ACTIVATION OF NLRP3 INFLAMMASOME

It has been suggested that NLRP3 inflammasome activation requires two signals: priming and activation. Priming signal conferred by stimulation such as ligands for toll-like receptors (TLRs) activates NF-κB pathway which then upregulates the expression of NLRP3 and pro-IL-1β [5,6]. Following the priming step, a lot of stimuli including ATP, K+ ionophores [7], particulate matter [8,9], pathogen-associated RNA [10] can active NLRP3. Activation of NLRP3 induces multiple molecular and cellular signaling events including ionic flux, mitochondrial dysfunction and the production of reactive oxygen species (ROS), and lysosomal damage?which have been shown to activate the NLRP3 inflammasome.

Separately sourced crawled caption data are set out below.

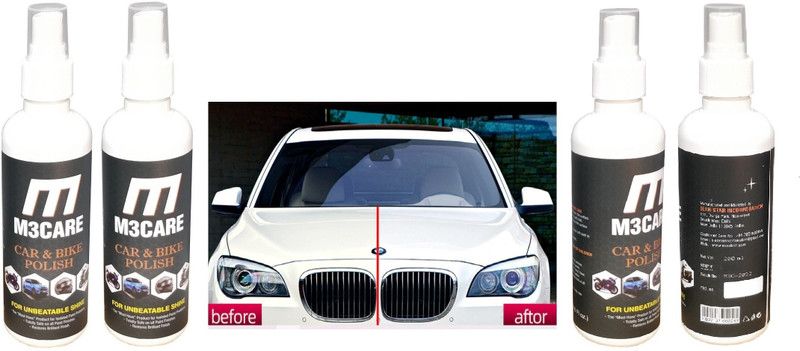 M3CARE Liquid Car Polish for Windscreen, Exterior, Metal Parts, Leather, Headlight, Dashboard, Chrome Accent, Bumper  (800 ml, Pack of 4)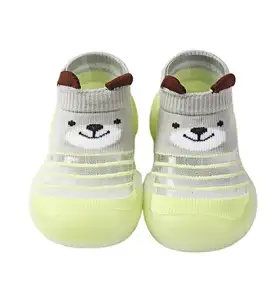 Chaussons First Walkers Baby Prewalkers TPR Injection Knit Sock Slipper Shoes 2021 Babyshoe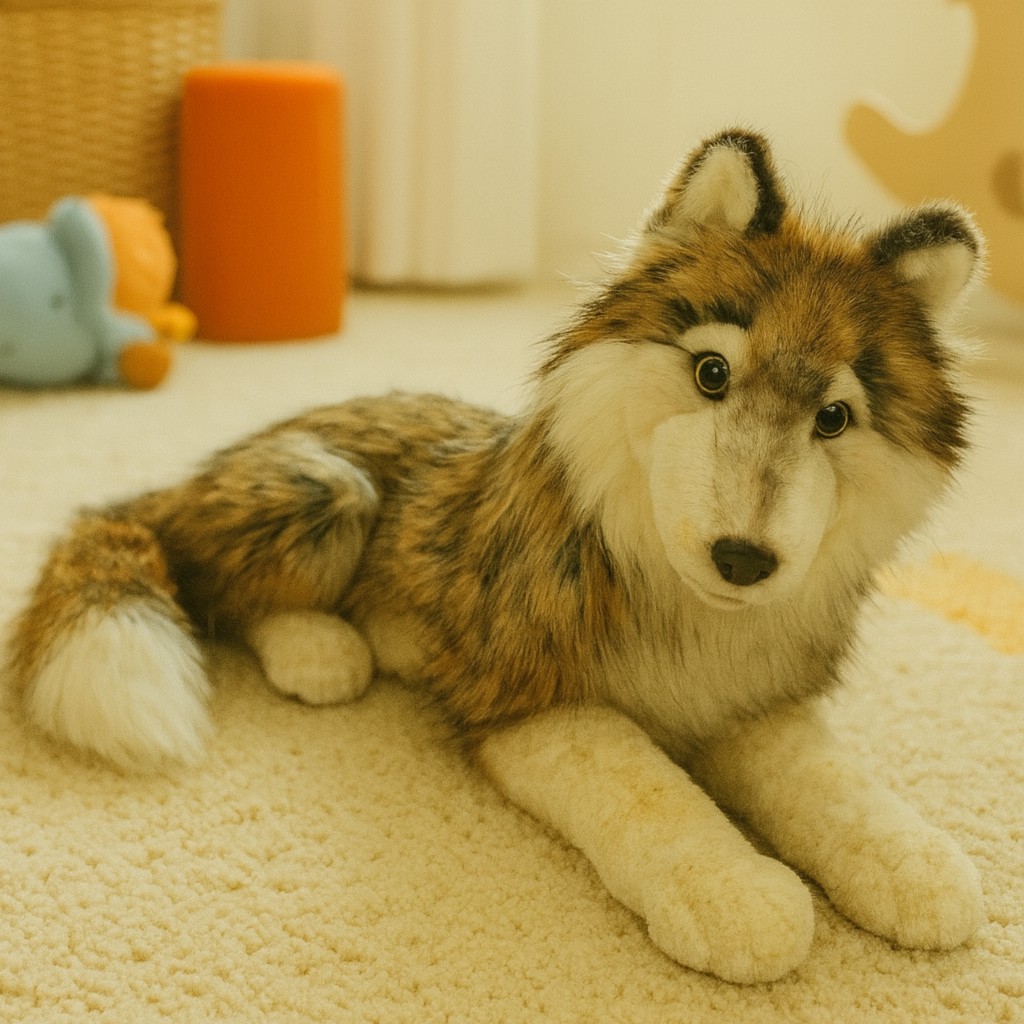 Wilk Leśny Leżący Realistyczny DUBI - 61cm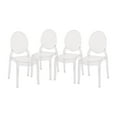 thumbnail image 2 of Emma + Oliver Set of 4 Multifunctional Transparent Polycarbonate Resin Stacking Accent Chair with Extra Wide Seat for Vanity, Dining Room, Bedroom & Outdoor Events, 2 of 13
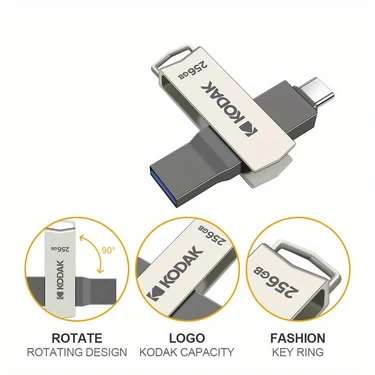 Kodak k273 high-speed USB flash drive 3.2 interface Type-C mobile phone computer dual-use 32G-256G storage USB flash drive 128G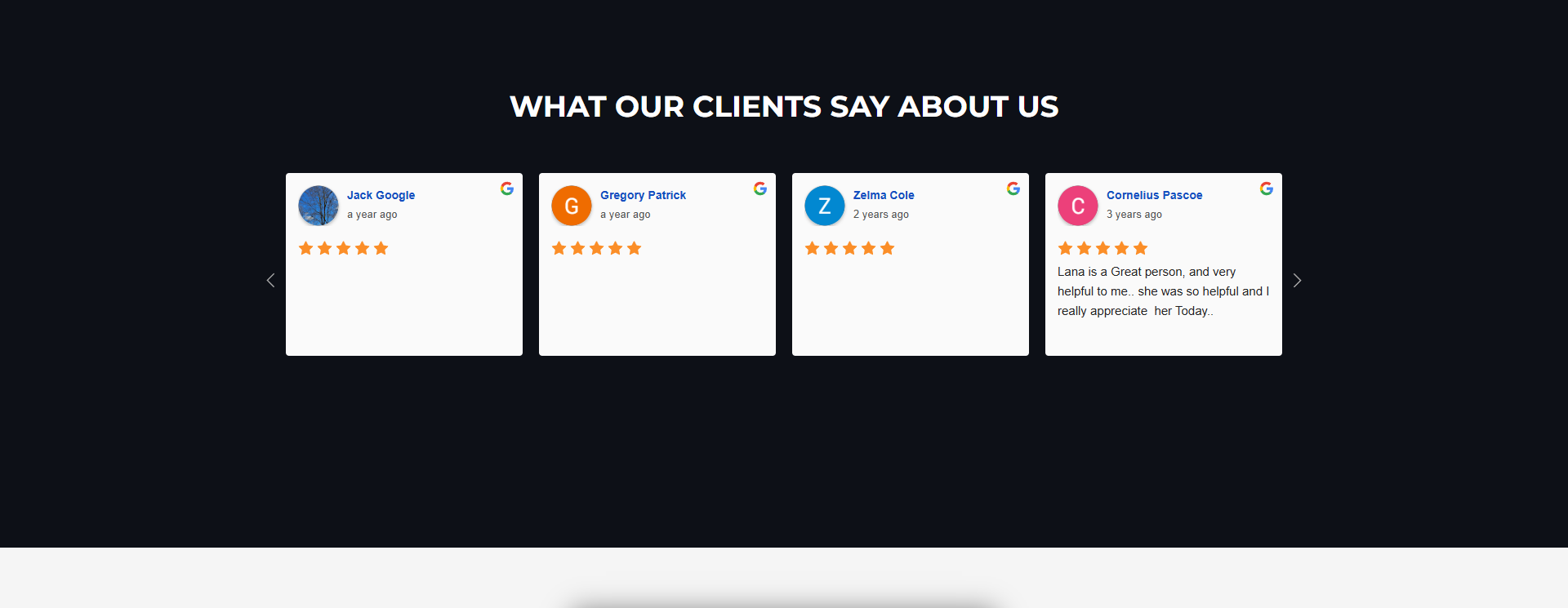 Слайдер «What our clients say about us» — 4 видимі картки з аватарами Google-користувачів, іменами-лінками, 5-зірковими рейтингами, мітками часу «a year ago» / «2 years ago» / «3 years ago» і стрілками навігації по боках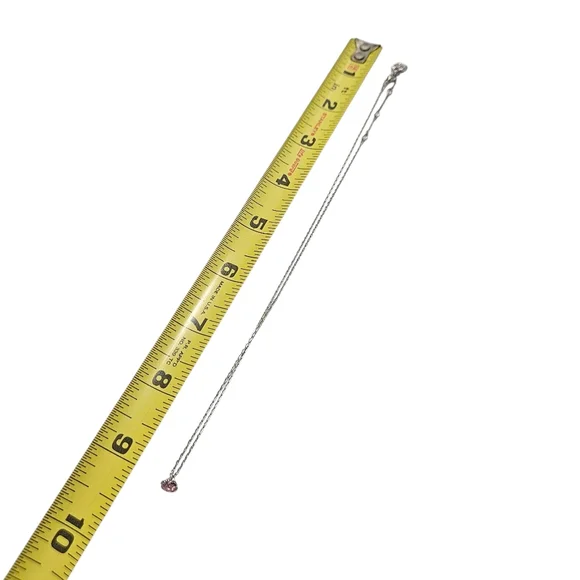 Swarovski Solitaire Pink Crystal Necklace – Silver Tone - Picture 4 of 4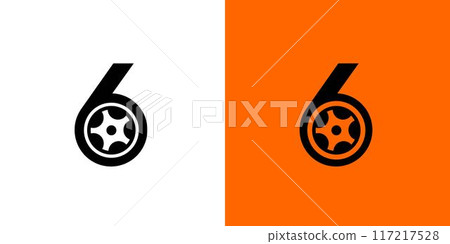 Strong and unique 6 tire logo design 117217528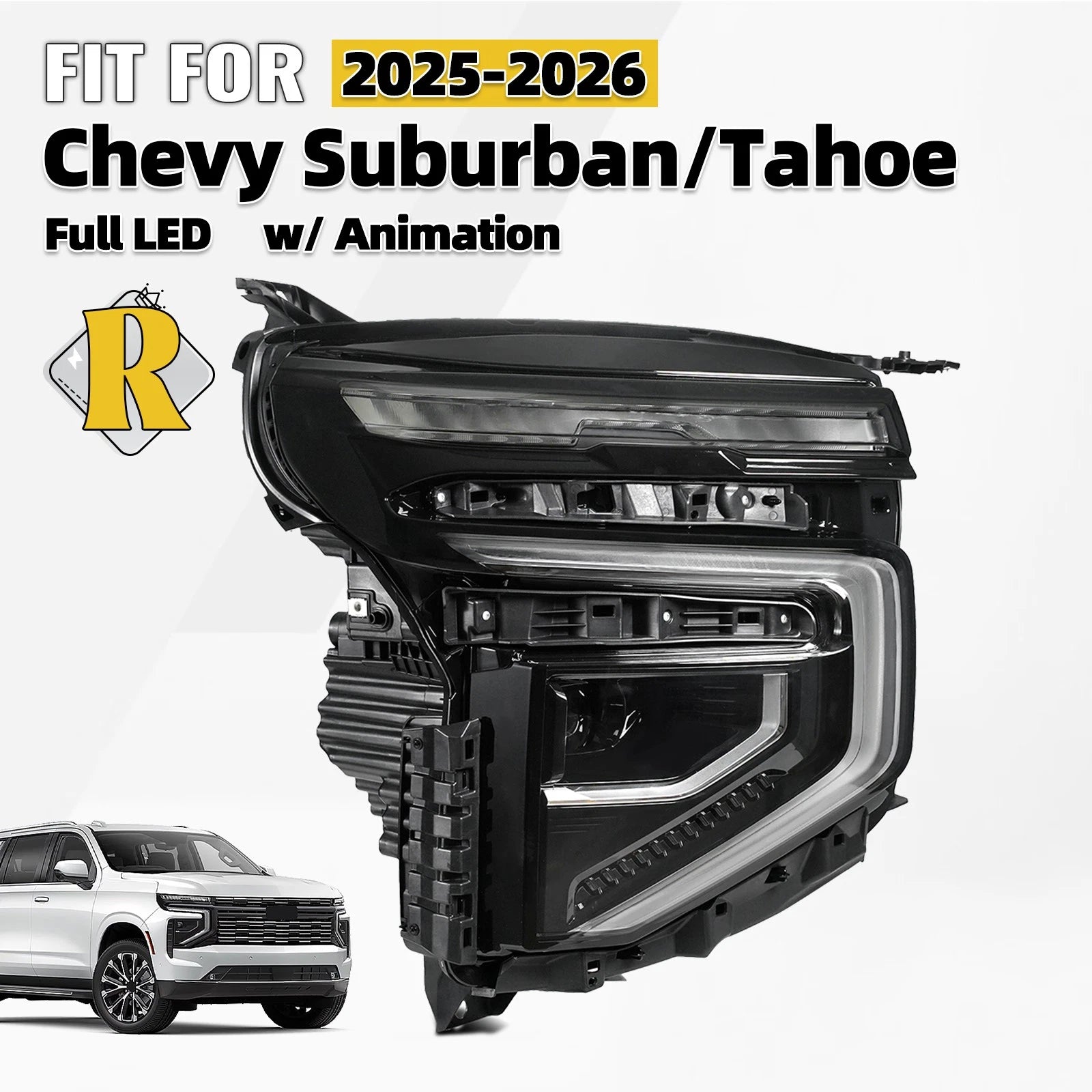 Full LED Headlight for Chevy Suburban/Tahoe (2025–2026) w/Animation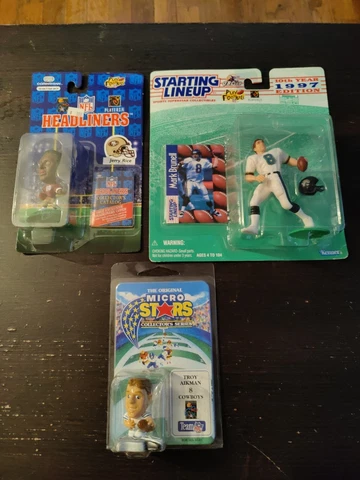 Lot Of 3 NFL Figures Aikman Rice Brunell New Sealed Cowboys 49ers Jags Cover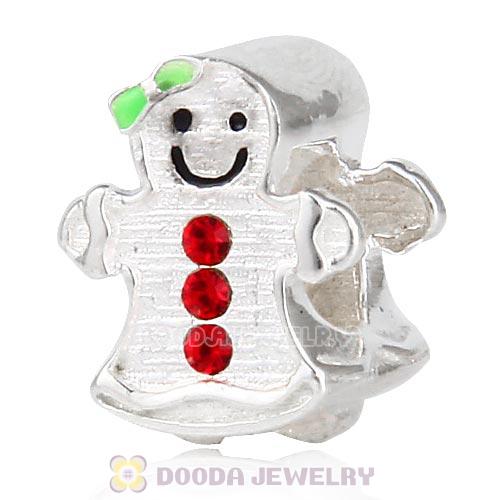 Sterling Silver Enamel Gingerbread Girl Beads with Austrian Crystal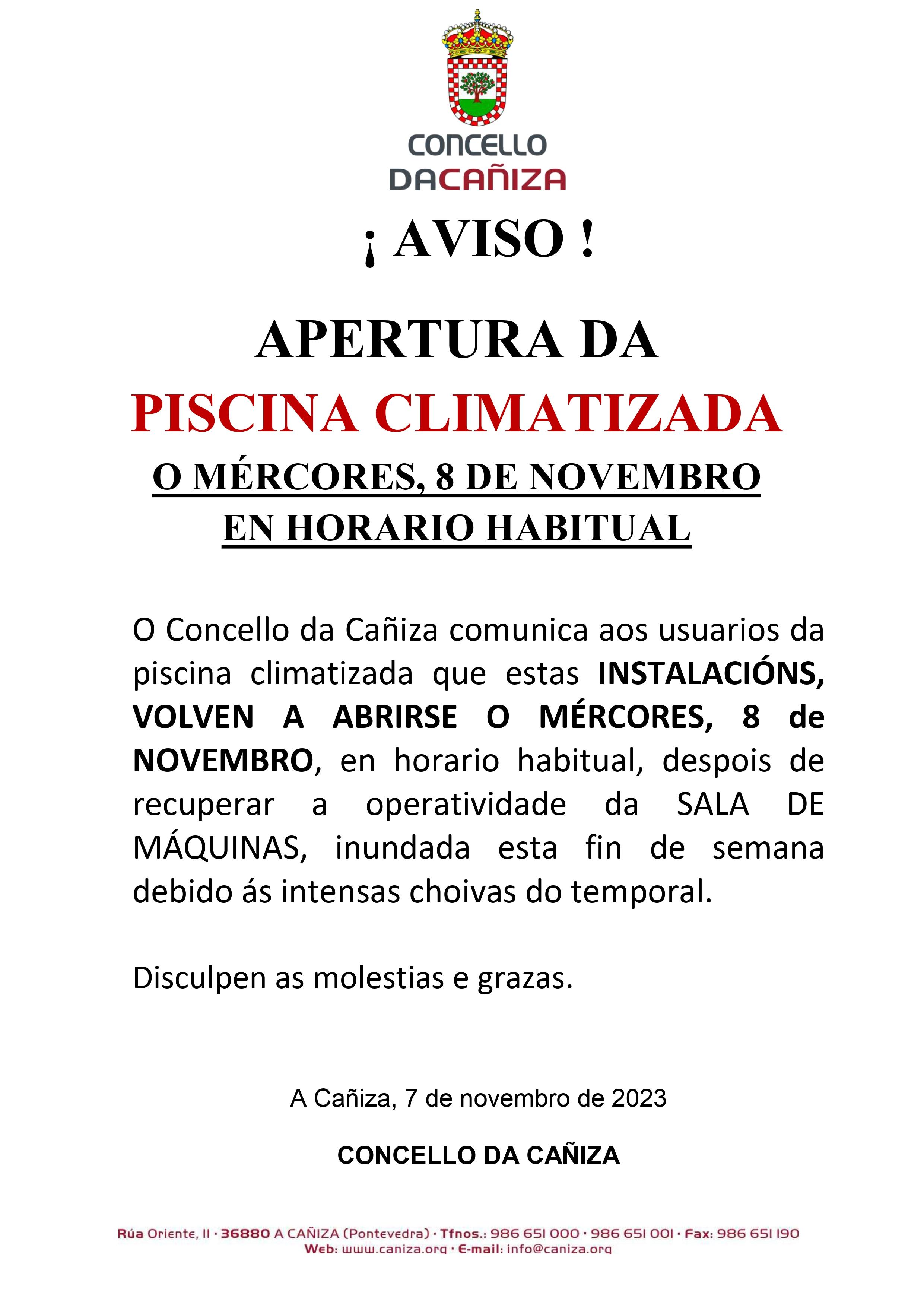 A piscina climatizada abre as instalacións este mércores, 8 de novembro, despois de recuperar a operatividade da Sala de Máquinas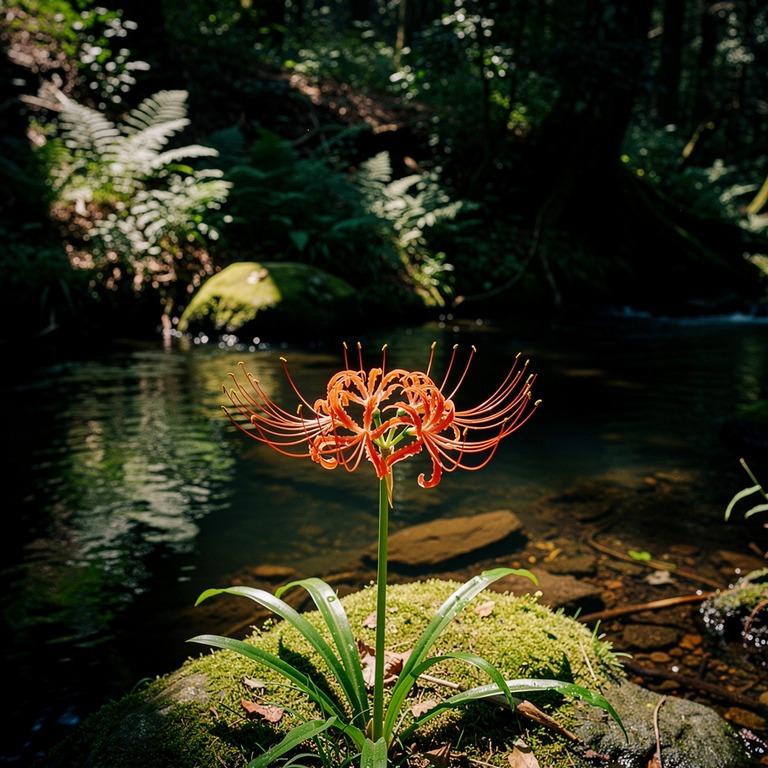 Spider lily blooming at the edge of a forest stream | ShopAyahuascaRetreats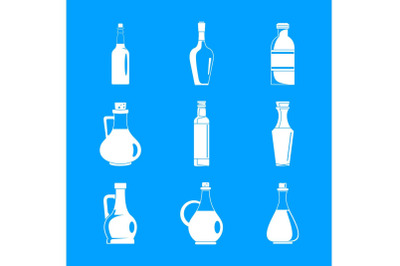 Vinegar bottle icons set, simple style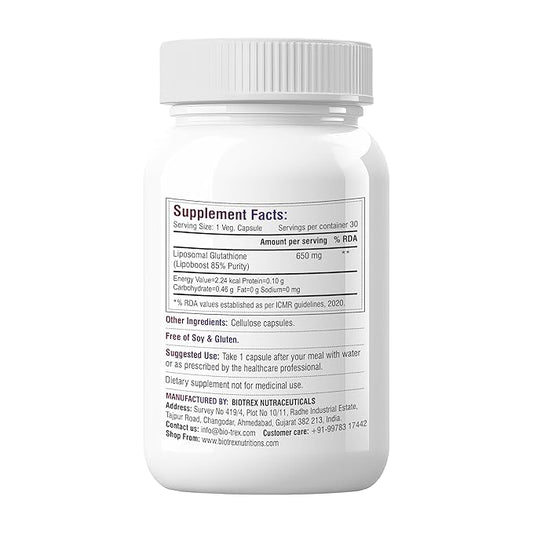 Biotrex Nutraceuticals Liposomal Glutathione 85% Lipoboost High Purity Form, Supports Healthy Skin Health - 30 Veg Capsules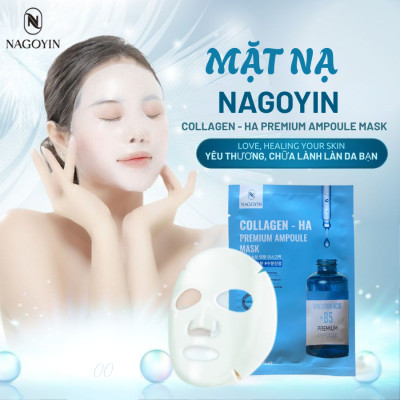 Hộp 10 mặt nạ B5 Collagen phục hồi da, cấp ẩm sâu, chống lão hóa - HA Premium Ampoule Mask Hàn Quốc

NLRP3 stimuli induce ionic flux events including K+ efflux, Ca2+ mobilization, Na+ influx and Cl- efflux. High concentration of ATP released during cell injury or necrosis can bind to purine receptor P2X ligand-gated ion channel 7(P2X7), leading to rapid outflow of potassium (K+) and activation of NLRP3 inflammasome [11]. Recent studies have found that several small chemical compounds, including imiquimod?GB111-NH2, and CL097 were able to activate NLRP3 independently of potassium efflux [12,13]. Some studies suggest Ca2+ mobilization were involved in NLRP3 inflammasome activation, but how the increase in cytosolic Ca2+ promotes NLRP3 inflammasome activation remains unclear [14,15]. One study suggests that increase of Ca2+ can promote interaction between NLRP3 and ASC in cell lysates of macrophages thereby directly regulates NLRP3 inflammasome activation [16]. Most studie suggest Ca2+ mobilization might not be essential for NLRP3 inflammasome activation [17]. Na+ influx and Cl- efflux play a regulatory role in NLRP3 inflammasome activation related to the potassium ion flow. Some PAMPs, such as larger particles, crystals or living pathogens, can destabilize the phagocytes and disrupt lysosomal membranes, leading to the release of cathepsin B into the cytoplasm and the activation of NLRP3 inflammasomes [18]. However, after inhibiting acid-dependent lysosomal proteases with proton pump inhibitors, the activation of NLRP3 inflammatome induced by crystallization was almost completely inhibited, confirming the important role of lysosomal injury in the activation of NLRP3 inflammatome. Lysosomal rupture leads to release of several components such as cathepsin G, cathepsin B and then activates the NLRP3 inflammasome [19].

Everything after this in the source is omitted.